■ THE TASK
List all the lines in these records that hold "five".
START RECORDS PROVIDED
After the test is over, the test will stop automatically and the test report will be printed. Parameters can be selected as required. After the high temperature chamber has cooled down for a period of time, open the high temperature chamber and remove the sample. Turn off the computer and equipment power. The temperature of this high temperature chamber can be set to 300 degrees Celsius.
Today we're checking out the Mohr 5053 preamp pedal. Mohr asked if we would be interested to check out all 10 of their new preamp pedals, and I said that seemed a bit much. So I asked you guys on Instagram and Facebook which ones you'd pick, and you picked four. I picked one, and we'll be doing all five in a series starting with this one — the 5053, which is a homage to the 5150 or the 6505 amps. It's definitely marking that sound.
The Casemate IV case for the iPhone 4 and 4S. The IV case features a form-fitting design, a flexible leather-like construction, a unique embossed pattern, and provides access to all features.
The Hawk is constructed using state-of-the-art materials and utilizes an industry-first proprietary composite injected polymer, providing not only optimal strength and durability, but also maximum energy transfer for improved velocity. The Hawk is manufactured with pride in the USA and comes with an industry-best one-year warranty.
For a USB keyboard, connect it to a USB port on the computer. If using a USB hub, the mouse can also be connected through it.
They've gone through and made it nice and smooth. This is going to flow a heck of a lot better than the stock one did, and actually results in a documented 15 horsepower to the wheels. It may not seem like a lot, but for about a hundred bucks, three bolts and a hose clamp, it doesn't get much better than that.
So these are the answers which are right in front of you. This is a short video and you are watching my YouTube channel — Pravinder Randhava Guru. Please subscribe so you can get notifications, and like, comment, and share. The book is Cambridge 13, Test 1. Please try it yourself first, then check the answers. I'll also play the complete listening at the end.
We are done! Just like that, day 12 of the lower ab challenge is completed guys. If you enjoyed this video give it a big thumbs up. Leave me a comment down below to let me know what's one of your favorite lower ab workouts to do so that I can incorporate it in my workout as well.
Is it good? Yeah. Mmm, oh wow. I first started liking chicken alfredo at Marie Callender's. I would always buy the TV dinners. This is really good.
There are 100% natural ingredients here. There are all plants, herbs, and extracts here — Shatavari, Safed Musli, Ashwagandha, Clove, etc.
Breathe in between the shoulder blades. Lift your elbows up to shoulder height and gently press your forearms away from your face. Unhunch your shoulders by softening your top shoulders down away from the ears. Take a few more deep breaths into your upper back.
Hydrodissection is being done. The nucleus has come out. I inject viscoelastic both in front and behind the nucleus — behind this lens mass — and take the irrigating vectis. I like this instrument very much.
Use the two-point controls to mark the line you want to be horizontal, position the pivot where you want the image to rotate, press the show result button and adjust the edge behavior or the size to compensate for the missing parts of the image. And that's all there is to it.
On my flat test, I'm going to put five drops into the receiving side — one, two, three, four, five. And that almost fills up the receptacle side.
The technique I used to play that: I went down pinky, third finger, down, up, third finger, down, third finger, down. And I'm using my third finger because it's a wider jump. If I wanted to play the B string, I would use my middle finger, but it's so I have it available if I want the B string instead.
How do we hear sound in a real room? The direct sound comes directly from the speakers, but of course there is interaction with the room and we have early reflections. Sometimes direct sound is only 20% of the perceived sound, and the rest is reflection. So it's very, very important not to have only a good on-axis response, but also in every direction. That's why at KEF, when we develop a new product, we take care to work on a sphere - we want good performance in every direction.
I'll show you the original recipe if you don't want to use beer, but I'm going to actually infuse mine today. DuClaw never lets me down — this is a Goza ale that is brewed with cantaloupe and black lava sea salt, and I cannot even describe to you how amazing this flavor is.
END RECORDS PROVIDED
■ ANSWER SPACE
Today we're checking out the Mohr 5053 preamp pedal. Mohr asked if we would be interested to check out all 10 of their new preamp pedals, and I said that seemed a bit much. So I asked you guys on Instagram and Facebook which ones you'd pick, and you picked four. I picked one, and we'll be doing all five in a series starting with this one — the 5053, which is a homage to the 5150 or the 6505 amps. It's definitely marking that sound.
On my flat test, I'm going to put five drops into the receiving side — one, two, three, four, five. And that almost fills up the receptacle side.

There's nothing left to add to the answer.